The NLRB's Office of General Counsel found that, while the policy's first sentence listed legitimate goals, the policy's remaining blanket confidentiality mandates violated employees' rights to discuss their terms and conditions of employment. So the Office of General Counsel suggested replacing the last two sentences with the following language that would make the employer's policy lawful under the NLRA:
"[Employer] may decide in some circumstances that in order to achieve these objectives, we must maintain the investigation and our role in it in strict confidence. If [Employer] reasonably imposes such a requirement and we do not maintain such confidentiality, we may be subject to disciplinary action up to and including immediate termination."
As a result, employers that are concerned about their policies on the confidentiality of workplace investigations now have language they can include in those policies to help ensure they will not be found unlawful.
NLRB Upholds Facebook Firing, But Continues Scrutiny of Social Media
In a recent advice memorandum, the NLRB's Office of General Counsel found that an employer did not act unlawfully by firing an employee for making profanity-laced comments about the company in a private group message on Facebook. The General Counsel concluded that the employee's conduct was not protected by the NLRA because her statements were simply "boasting and griping." In the group post, the employee stated that she had told a supervisor to "back the freak off" and typed "F**K…FIRE ME …Make my day," in addition to using other profane language and insulting the company.

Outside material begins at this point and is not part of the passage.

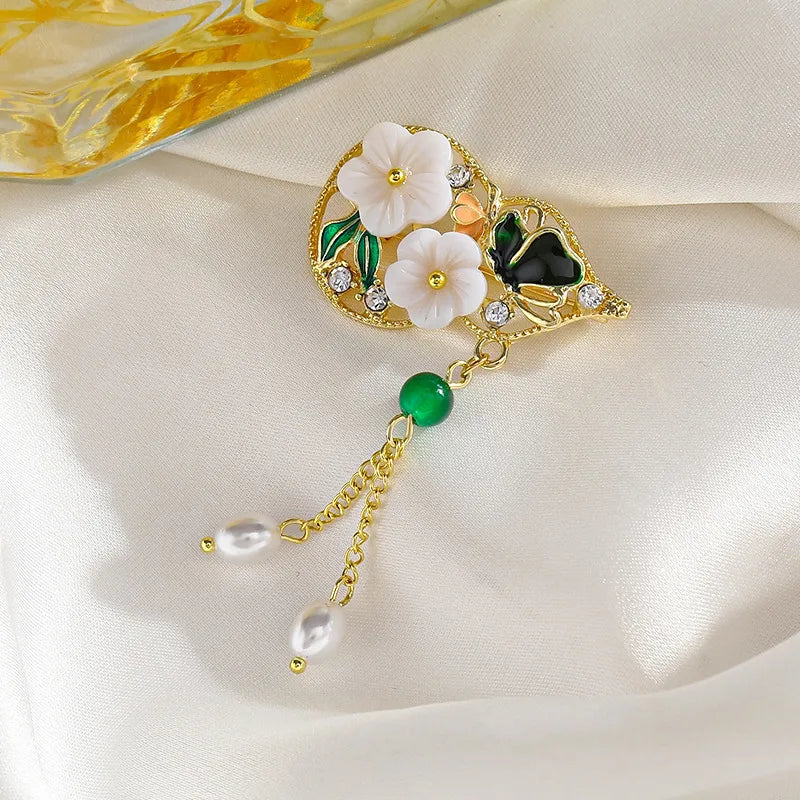 Green Chinese Style Brooch Pin Vintage High-End Tassel Creative Versatile Hanfu Cheongsam Embroidery Zinc Alloy Jewelry Accessory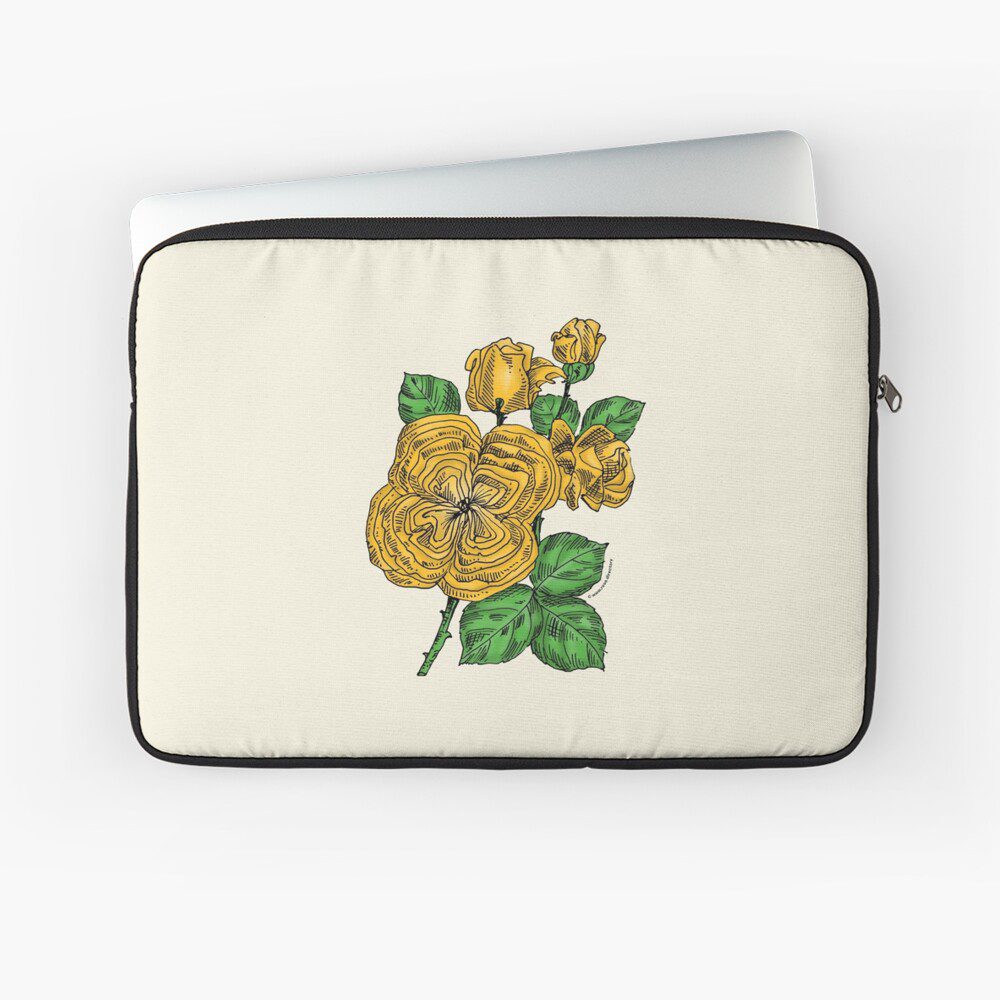 quartered full yellow rose print on laptop sleeve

The General Counsel considered this conduct in light of a 2012 NLRB decision (Hoodview Vending Co., 359 NLRB No. 36) finding that discussions between coworkers over things like wages, work schedules and job security, even if out of a purely personal concern with no intent to induce group action, involved subjects of such mutual workplace concern that they inherently constituted concerted activity. The General Counsel found the employee's conduct was not protected under this standard, as it did not involve "shared concerns about terms and conditions of employment" and noted that "[t]he [NLRB]'s test for concert is whether the activity is engaged in ‘with or on the authority of other employees, and not solely by and on behalf of the employee himself.'"
This guidance is a positive development for employers, but it also shows that the NLRB is continuing to scrutinize employee conduct on social media related to their terms and conditions of employment, and that such conduct could be protected even if it doesn't address group action.
NLRB Finds Unlawful Rule Barring Union Officials From Using Company Email
The NLRB recently issued a decision finding that an employer's notice warning union representatives that they were spending too much time using the company's email system violated federal labor law. The employer's informational notice to employees said the amount of time union representatives spent on emails during working hours was unacceptably high, and one representative was disciplined following the notice. The NLRB found the notice was "facially discriminatory" because it "placed limitations only on email messages sent by union representatives and related to union business" and was "promulgated in response to email use by union representatives." Significantly, however, the NLRB also found that the employer's policy restricting the use of company electronic media to business purposes only, with limited exceptions for personal use, was lawful. It was the application of that policy, in which the employer singled out union-related messages for more restrictive treatment, that was unlawful.